Homeowner Sandi Preston purchased the property more than a decade ago, when fan visits were minimal, but, over the years the house has become a Mecca for the film's devotees, and this summer (15) alone, city officials estimate between 1,200 and 1,500 people per day stopped by, unannounced.

Preston has had enough of the uninvited guests and this week (begs17Aug15), she placed large blue tarpaulins over the windows and door at the front of the house and put up a sign on the street which reads: "Access Closed to Goonies House".

Another handwritten note posted around the neighbourhood reads: "Imagine that you buy a house, fix it up, spend money, time and love. Then the city of Astoria encourages 100,000s of people to come and stand in front and view it... This driveway (maintained by homeowners) sees 1,000+ people every day.
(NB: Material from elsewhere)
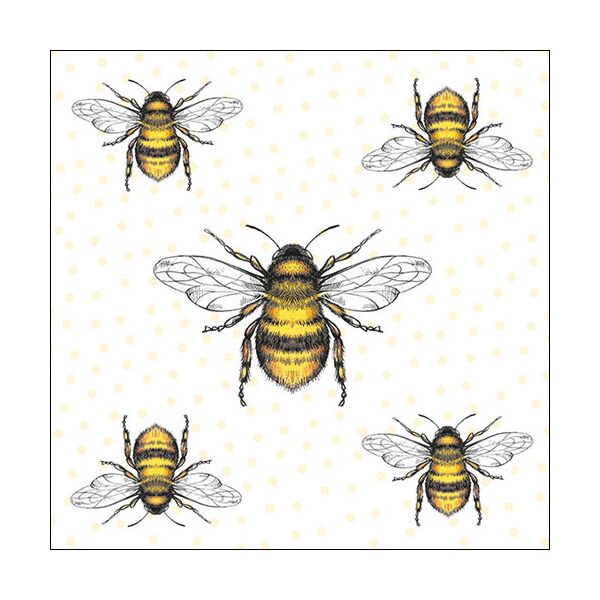 Servietten Lunch Flying Bees Bienen 33 x 33 cm 20 Servietten Bienen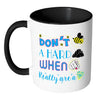 Inspirational Mug Dont Be A Hard Rock When You White 11oz Accent Coffee Mugs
Most are kind, fun and welcome, but many are not."

Astoria City Councilman Russ Warr, who lives down the street from Preston, admits he's surprised his neighbour has waited so long to take action, because she has been dealing with rude fans for some time.

He tells local news station KGW, "They (tourists) park on the 'no-parking' zones, they park on the sidewalks, they relieve their dogs on their lawns," adding that some even show up at night, leaving empty beer bottles and cigarette butts on the lawn.

City officials tell KGW that to their knowledge, Preston has no plans to reopen the house to visitors.

Her decision to close off the site comes weeks after local dignitaries celebrated the 30th anniversary of the film, an event which officials estimate generated between $2 to $3 million (£1.25 to £1.9 million) for the small Pacific Northwest town's economy.